Entries taken from a collection
◇ ◇ ◇ ◇

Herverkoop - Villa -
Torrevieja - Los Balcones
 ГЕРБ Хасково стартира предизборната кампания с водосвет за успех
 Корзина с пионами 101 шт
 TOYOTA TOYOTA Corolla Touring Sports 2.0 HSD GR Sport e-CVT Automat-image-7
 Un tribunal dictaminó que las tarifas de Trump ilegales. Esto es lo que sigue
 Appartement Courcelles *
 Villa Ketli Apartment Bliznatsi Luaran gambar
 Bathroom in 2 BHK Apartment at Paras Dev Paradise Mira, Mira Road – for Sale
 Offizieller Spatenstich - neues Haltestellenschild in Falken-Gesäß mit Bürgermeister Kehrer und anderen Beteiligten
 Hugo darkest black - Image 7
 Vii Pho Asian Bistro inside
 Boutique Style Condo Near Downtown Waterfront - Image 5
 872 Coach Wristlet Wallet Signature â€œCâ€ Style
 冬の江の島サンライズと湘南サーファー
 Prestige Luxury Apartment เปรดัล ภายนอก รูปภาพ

◇ ◇ ◇ ◇

YOUR TASK »
Each line from the top of the entries above through the line containing "Appartement Courcelles *" must be transcribed exactly, and no other line may appear.

ANSWER SPACE »
Herverkoop - Villa -
Torrevieja - Los Balcones
 ГЕРБ Хасково стартира предизборната кампания с водосвет за успех
 Корзина с пионами 101 шт
 TOYOTA TOYOTA Corolla Touring Sports 2.0 HSD GR Sport e-CVT Automat-image-7
 Un tribunal dictaminó que las tarifas de Trump ilegales. Esto es lo que sigue
 Appartement Courcelles *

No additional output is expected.